Malaquias’ son Julius, who has Down syndrome, has always attended mainstream schools with his sisters. But when he reached high school, Malaquias was warned the “gap” between him and other students would be too great and he wouldn’t have any friends.

“There was this doom scenario,” she says. “But Julius loves high school as much as primary school. I want my child to live a life where he’s always part of his community.”

Inclusive education lecturer Dr Kim Davies says phasing out special schools isn’t politically feasible as it will take away parental choice and distract from much-needed improvements to inclusion at mainstream schools where most kids with disabilities are already taught.

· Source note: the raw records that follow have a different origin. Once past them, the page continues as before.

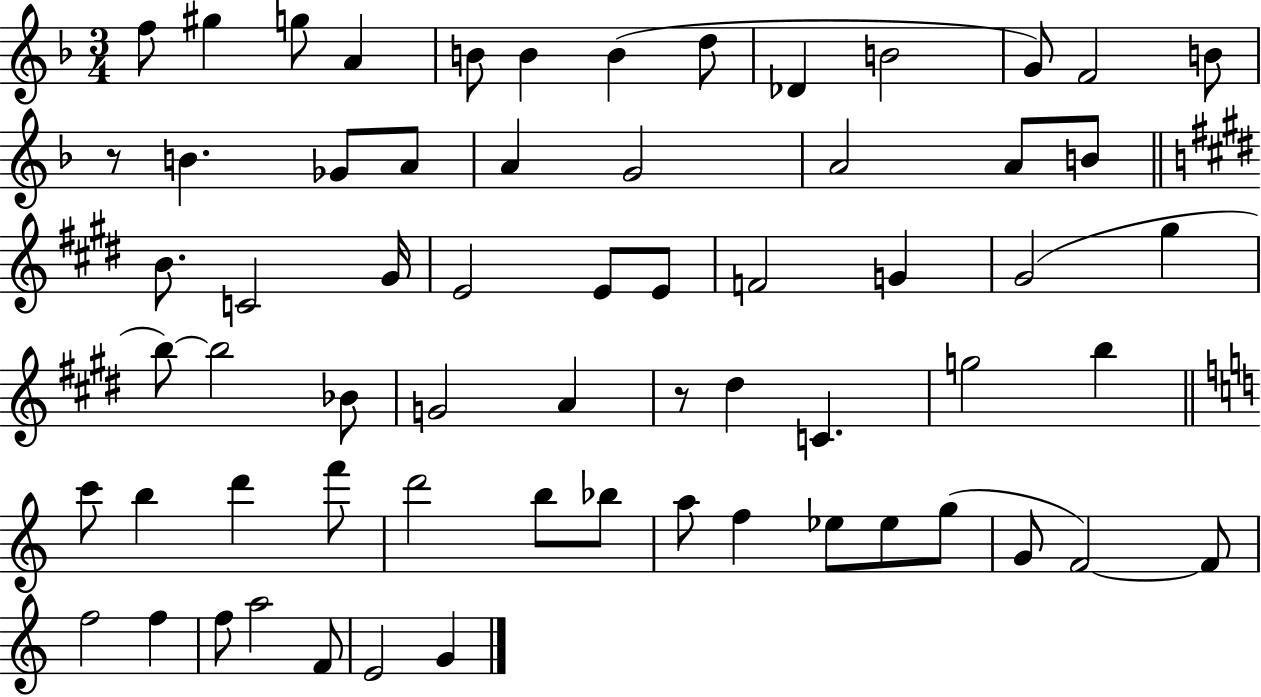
X:1
T:Untitled
M:3/4
L:1/4
K:F
f/2 ^g g/2 A B/2 B B d/2 _D B2 G/2 F2 B/2 z/2 B _G/2 A/2 A G2 A2 A/2 B/2 B/2 C2 ^G/4 E2 E/2 E/2 F2 G ^G2 ^g b/2 b2 _B/2 G2 A z/2 ^d C g2 b c'/2 b d' f'/2 d'2 b/2 _b/2 a/2 f _e/2 _e/2 g/2 G/2 F2 F/2 f2 f f/2 a2 F/2 E2 G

Catia Malaquias says she wants Julius to live a life where he is always part of the community.Credit: Stefan Gosatti

Australian Special Education Principals Association president Matthew Johnson says if special schools are considered segregation, then by the same logic, single-sex, religious and high-fee private schools are segregated too.

“I’m terrified to think of my kids being thrown back into the mainstream, that [are] already not coping, for a thought experiment,” Johnson says. “It should be about what the kids need.”

Research has found fewer than 40 per cent of Australian teachers feel equipped to teach kids with special needs, and the sector is currently struggling with a teacher shortage.

“But teachers don’t need any extra qualification to teach special ed,” Kemp says. “And there’s no incentive to get one.”